Sanyu, Quatre Nus (Detail)
Brigitte Bardot relaxing with magazines. Circa 1962 (photo by Ghislain Dussart/ Gamma-Rapho)

Although the female nude has long been a classic subject in Western art, exposing a woman’s naked body was still socially taboo in Europe. It wasn’t until after World War I, when naturalism came into vogue, that a movement sought to bring the physical body in direct contact with nature. Public nudity, such as sunbathing and skinny dipping, began to gain slow acceptance as it was promoted by artists, trendsetters and scientists. Coco Chanel caused shock waves during the 1920s when she exposed her tanned skin on a boat trip. After World War II, cinema saw the emergence of sex icons and with them the open appreciation of the naked female body. In the film And God Created Woman (1956), images of French actress Brigitte Bardot lounging in bed or on a beach, in partial or full undress, had been seared into the public imagination in the '50s. Sanyu was an artist of his time, and in Quatre nus the figures in their languorous postures have something of that alluring Bardot quality. In his nude paintings, the postures of Sanyu’s women was a departure from Western classical painting standard, and even exceeded the so-called morphing approach he himself developed in the '20s and '30s.

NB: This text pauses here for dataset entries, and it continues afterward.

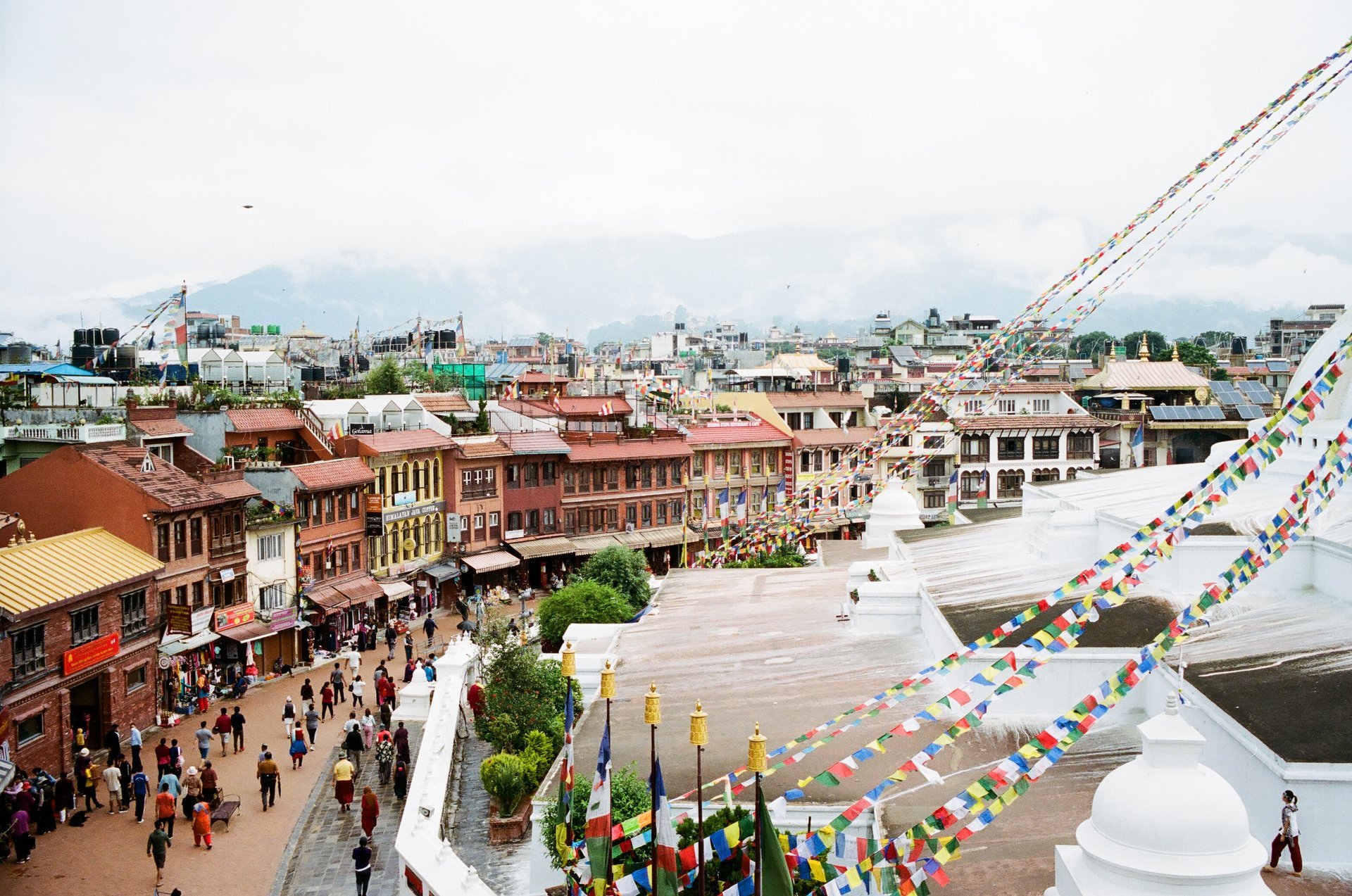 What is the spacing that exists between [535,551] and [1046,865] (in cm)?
3501

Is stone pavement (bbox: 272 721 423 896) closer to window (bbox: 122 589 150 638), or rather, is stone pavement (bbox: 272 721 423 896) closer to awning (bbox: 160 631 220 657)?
window (bbox: 122 589 150 638)

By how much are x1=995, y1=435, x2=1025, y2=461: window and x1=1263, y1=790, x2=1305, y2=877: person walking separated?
4451 centimetres

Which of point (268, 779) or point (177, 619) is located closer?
point (268, 779)

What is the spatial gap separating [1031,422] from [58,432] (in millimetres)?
39250

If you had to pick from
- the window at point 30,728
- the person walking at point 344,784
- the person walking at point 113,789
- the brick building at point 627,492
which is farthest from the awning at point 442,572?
the person walking at point 113,789

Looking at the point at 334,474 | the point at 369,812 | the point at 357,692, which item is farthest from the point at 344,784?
the point at 334,474

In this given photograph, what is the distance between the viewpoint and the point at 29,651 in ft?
77.9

In Sotheby’s 2019 autumn sales, Sanyu's Nu sold for a record HK$198 million, setting a new benchmark for the artist. Success at auctions and growing interest in Sanyu’s female nude oil paintings, particularly those of such grand proportions, have spurred much discussion for their aesthetic value and place in modern art history. Quatre nus is undeniably a grand masterpiece, and arguably the most alluring within female nude group paintings by Sanyu.